Set the Character Set and Collation of a Table in MariaDB

You can specify the character set and collation at various levels in MariaDB. You can specify them at the connection level, the server level, the database level, the table level, and even the column level.

You can also specify a collation in your queries so that it overrides any collation that has been previously specified at the aforementioned levels.

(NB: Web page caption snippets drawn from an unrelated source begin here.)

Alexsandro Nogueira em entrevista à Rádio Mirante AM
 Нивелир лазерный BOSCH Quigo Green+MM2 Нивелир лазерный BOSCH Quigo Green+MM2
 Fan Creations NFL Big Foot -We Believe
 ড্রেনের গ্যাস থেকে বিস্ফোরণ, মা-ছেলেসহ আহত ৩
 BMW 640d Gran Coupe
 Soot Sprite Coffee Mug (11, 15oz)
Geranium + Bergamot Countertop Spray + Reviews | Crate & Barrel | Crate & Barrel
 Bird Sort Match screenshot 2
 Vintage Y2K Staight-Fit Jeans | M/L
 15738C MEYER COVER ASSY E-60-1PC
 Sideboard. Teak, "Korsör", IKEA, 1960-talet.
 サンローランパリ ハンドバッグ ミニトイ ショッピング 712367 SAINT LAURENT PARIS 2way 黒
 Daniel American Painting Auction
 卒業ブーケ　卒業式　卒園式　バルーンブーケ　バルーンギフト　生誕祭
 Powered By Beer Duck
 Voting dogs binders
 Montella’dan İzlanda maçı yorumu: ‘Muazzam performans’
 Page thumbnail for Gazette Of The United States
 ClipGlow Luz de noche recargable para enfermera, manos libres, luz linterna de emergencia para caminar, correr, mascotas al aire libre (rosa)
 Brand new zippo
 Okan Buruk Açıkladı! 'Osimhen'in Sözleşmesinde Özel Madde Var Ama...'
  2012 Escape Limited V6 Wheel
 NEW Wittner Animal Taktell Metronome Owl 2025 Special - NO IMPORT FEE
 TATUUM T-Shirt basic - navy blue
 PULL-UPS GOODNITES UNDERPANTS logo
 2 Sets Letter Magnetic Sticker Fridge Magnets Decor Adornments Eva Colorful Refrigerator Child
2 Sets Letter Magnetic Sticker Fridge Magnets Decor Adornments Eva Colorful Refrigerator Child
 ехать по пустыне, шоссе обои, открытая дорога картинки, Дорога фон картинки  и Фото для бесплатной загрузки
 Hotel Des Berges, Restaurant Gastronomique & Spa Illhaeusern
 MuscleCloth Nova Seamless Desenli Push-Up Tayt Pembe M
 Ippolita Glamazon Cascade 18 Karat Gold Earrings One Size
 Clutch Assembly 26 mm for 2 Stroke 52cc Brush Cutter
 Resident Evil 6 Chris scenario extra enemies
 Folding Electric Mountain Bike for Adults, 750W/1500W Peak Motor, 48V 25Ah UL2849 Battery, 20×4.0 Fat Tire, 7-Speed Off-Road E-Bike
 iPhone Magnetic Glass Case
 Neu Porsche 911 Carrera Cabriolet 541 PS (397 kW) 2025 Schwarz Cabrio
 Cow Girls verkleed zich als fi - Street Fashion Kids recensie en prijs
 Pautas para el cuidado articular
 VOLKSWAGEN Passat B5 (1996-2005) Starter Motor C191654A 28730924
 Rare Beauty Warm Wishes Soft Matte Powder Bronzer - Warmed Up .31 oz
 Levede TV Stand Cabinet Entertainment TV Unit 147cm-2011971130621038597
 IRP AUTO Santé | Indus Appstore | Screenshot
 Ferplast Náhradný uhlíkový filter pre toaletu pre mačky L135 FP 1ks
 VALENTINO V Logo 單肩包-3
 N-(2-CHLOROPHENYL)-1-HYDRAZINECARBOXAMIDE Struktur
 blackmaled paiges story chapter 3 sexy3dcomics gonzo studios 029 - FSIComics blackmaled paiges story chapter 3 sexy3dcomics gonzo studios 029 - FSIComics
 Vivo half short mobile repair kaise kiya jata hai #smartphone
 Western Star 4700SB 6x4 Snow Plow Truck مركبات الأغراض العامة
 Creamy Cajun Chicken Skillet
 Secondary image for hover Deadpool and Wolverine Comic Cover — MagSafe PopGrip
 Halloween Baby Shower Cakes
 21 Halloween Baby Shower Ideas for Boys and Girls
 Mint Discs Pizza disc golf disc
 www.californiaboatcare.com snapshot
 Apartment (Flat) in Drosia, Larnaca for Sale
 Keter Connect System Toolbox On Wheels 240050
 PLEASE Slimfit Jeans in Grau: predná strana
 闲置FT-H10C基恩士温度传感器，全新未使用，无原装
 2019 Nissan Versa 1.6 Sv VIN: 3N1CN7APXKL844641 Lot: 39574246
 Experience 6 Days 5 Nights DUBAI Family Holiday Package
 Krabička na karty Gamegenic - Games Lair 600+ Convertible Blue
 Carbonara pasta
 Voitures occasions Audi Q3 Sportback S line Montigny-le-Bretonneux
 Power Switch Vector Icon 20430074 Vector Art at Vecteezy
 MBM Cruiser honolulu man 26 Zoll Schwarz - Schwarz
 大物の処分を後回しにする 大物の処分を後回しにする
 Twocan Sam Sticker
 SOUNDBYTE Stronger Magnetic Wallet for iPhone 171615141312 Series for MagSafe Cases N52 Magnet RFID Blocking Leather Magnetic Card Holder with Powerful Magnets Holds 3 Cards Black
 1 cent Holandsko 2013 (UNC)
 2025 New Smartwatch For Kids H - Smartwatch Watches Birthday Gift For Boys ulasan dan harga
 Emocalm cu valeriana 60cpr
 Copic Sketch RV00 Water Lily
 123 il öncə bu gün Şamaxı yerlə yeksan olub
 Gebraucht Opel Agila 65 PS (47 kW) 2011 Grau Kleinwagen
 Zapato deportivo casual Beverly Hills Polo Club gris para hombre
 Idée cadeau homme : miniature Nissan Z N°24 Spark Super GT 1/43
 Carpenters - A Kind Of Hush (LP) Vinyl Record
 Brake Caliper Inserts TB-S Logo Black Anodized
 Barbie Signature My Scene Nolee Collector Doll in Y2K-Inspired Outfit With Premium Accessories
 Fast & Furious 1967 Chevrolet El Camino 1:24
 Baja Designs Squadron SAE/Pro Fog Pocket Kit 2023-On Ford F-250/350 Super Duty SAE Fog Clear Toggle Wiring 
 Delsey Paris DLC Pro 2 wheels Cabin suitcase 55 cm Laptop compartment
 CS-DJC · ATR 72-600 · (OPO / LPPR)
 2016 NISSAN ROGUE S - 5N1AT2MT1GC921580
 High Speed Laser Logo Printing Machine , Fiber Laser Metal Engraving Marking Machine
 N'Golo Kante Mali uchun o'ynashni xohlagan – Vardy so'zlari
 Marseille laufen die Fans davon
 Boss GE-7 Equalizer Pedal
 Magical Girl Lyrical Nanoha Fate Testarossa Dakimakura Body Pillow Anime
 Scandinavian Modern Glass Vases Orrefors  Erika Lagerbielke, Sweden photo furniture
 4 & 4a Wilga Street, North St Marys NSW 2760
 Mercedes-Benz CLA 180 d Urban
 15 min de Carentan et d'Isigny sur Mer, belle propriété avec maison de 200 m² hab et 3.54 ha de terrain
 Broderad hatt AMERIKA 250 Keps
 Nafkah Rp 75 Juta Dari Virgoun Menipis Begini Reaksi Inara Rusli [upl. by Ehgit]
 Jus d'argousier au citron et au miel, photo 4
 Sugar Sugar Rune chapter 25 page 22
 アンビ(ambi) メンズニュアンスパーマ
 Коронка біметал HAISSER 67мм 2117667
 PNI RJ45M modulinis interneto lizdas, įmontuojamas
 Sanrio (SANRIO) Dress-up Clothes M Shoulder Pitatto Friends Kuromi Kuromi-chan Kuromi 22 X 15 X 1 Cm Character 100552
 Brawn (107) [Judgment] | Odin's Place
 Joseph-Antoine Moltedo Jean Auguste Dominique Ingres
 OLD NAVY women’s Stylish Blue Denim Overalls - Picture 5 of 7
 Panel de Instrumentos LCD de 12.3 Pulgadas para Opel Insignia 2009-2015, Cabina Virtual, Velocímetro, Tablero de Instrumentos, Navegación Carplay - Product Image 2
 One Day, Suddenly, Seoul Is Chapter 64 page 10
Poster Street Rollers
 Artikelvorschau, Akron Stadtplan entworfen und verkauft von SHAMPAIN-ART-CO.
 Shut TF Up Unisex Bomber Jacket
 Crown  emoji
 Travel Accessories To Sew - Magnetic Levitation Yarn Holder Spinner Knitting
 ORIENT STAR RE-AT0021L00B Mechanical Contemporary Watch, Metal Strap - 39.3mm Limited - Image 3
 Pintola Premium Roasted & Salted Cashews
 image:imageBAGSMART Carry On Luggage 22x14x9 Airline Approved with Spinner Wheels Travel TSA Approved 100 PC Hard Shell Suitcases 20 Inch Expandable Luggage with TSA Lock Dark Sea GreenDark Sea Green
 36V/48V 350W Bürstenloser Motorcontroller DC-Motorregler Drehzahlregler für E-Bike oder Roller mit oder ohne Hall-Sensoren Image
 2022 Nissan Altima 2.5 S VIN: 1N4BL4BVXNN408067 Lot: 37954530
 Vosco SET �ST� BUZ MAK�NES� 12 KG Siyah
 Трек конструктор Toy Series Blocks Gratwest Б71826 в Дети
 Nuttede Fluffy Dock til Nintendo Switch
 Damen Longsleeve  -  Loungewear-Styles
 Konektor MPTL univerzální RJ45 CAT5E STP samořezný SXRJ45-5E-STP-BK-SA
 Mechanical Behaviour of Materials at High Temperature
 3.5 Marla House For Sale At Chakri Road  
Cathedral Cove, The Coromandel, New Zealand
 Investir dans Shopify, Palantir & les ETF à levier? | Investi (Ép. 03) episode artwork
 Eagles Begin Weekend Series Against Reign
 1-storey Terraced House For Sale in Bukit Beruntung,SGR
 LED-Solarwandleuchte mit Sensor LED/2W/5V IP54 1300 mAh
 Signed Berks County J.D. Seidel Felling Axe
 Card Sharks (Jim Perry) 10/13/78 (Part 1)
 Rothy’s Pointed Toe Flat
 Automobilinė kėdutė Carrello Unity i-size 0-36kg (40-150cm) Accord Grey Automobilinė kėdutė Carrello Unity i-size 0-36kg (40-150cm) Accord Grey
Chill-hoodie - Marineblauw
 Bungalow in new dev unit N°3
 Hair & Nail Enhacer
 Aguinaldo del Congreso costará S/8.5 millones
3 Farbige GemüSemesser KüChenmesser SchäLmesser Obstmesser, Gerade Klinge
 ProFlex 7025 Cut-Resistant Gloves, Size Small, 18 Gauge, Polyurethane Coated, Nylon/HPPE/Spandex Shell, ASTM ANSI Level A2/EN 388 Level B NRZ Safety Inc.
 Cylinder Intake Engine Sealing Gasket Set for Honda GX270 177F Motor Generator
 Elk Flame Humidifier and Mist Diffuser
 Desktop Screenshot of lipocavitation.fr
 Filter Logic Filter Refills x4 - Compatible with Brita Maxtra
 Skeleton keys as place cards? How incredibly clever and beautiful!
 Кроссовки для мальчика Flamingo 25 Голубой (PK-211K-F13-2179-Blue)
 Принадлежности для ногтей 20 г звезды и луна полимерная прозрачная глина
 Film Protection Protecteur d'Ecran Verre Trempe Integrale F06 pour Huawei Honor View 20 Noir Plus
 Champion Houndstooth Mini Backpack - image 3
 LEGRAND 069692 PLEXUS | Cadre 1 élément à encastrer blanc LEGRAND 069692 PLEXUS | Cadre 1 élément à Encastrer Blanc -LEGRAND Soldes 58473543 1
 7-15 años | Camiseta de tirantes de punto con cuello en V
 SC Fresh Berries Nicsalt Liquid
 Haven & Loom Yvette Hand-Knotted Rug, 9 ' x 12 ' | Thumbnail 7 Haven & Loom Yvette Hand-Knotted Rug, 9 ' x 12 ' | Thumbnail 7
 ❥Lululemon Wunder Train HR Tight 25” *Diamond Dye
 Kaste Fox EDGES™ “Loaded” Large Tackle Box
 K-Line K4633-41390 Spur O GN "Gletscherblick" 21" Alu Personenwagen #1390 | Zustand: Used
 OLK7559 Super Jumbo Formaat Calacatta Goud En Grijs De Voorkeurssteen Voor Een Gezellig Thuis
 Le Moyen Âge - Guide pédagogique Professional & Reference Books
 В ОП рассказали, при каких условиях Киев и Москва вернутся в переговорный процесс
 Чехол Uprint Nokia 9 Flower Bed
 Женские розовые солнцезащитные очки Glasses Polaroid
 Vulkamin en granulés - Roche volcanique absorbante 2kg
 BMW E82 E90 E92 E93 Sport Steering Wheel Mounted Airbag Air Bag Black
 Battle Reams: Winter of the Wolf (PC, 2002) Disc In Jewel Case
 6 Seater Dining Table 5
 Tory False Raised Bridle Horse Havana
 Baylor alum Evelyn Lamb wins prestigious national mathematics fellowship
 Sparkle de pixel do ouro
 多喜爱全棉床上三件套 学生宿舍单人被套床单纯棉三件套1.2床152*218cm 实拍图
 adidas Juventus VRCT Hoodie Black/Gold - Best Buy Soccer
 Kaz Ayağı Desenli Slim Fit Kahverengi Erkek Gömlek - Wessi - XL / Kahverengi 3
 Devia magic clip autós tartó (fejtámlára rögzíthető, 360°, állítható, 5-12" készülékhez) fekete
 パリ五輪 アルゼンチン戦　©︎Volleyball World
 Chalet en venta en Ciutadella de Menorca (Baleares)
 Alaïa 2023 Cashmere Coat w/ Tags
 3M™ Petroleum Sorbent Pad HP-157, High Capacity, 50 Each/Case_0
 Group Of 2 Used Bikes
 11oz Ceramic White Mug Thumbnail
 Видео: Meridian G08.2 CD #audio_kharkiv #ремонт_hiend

To set the character set and collation at the table level, use the CREATE TABLE statement or ALTER TABLE statement (depending on whether you’re creating the table or modifying it).

When Creating the Table

Here’s an example of setting the collation and character set when creating the table:

CREATE TABLE Products ( 
    ProductId CHAR(10), 
    ProductName VARCHAR(255) NOT NULL, 
    PRIMARY KEY (ProductId)) 
    CHARACTER SET latin1 
    COLLATE latin1_general_ci;

That creates a table called Products with a latin1 character set, and a collation of latin1_general_ci.

Alter an Existing Table

Here’s an example of changing the collation and character set on an existing table:

ALTER TABLE Products 
CONVERT TO CHARACTER SET utf8 COLLATE utf8_spanish_ci;

It now uses the new collation and character set.

It’s also possible to omit the CONVERT TO part:

ALTER TABLE Products 
CHARACTER SET utf8 
COLLATE utf8_spanish_ci;

Collation Must be Valid for the Character Set

When setting both the collation and the character set, you need to ensure that the collation is valid for the chosen character set and vice/versa. If not, an error is returned.

Here’s an example of specifying using an invalid collation for the specified character set:

ALTER TABLE Products 
CHARACTER SET latin1 
COLLATE utf8_spanish_ci;

Result:

ERROR 1253 (42000): COLLATION 'utf8_spanish_ci' is not valid for CHARACTER SET 'latin1'

It tells us that our chosen collation is not valid for our chosen specified character set.

See Full List of Collations Supported by MariaDB or Full List of Character Sets Supported by MariaDB for a list of matching collations and character sets.

Specifying Only the Collation or Character Set

It’s OK to specify just the collation or just the character set (or neither):

  • If only the character set is provided, the default collation for that character set will be used.
  • If only the collation is provided, the associated character set will be used.
  • If neither collation nor character set is provided, the table default is used.

Converting to a Character Set that Requires More Bytes

For VARCHAR or TEXT columns, CONVERT TO CHARACTER SET changes the data type if required to ensure that the new column is long enough to store as many characters as the original column.

For example, an ascii TEXT column requires a single byte per character, so the column can hold up to 65,535 characters. If the column is converted to utf8, up to 3 bytes can be required for each character, so the column will be converted to MEDIUMTEXT (which has a maximum length of 16,777,215) so that it will be able to hold the same number of characters.

If you don’t want such data type changes to take place, use MODIFY on the individual columns instead.

For example:

ALTER TABLE Products 
MODIFY ProductName VARCHAR(255) 
CHARACTER SET utf8; 

Converting to Binary

CONVERT TO CHARACTER SET binary will convert CHARVARCHAR and TEXT columns to BINARY, VARBINARY and BLOB respectively.

Once this has been done, such columns will no longer have a character set. Also, they will no longer be affected by future CONVERT TO CHARACTER SET statements.

Checking the Collation and Character Sets in MariaDB

There are various ways to check the collation and character sets in MariaDB, depending on the level that you’re checking (server, database, table, column, connection, etc). See Show the Collation in MariaDB for examples.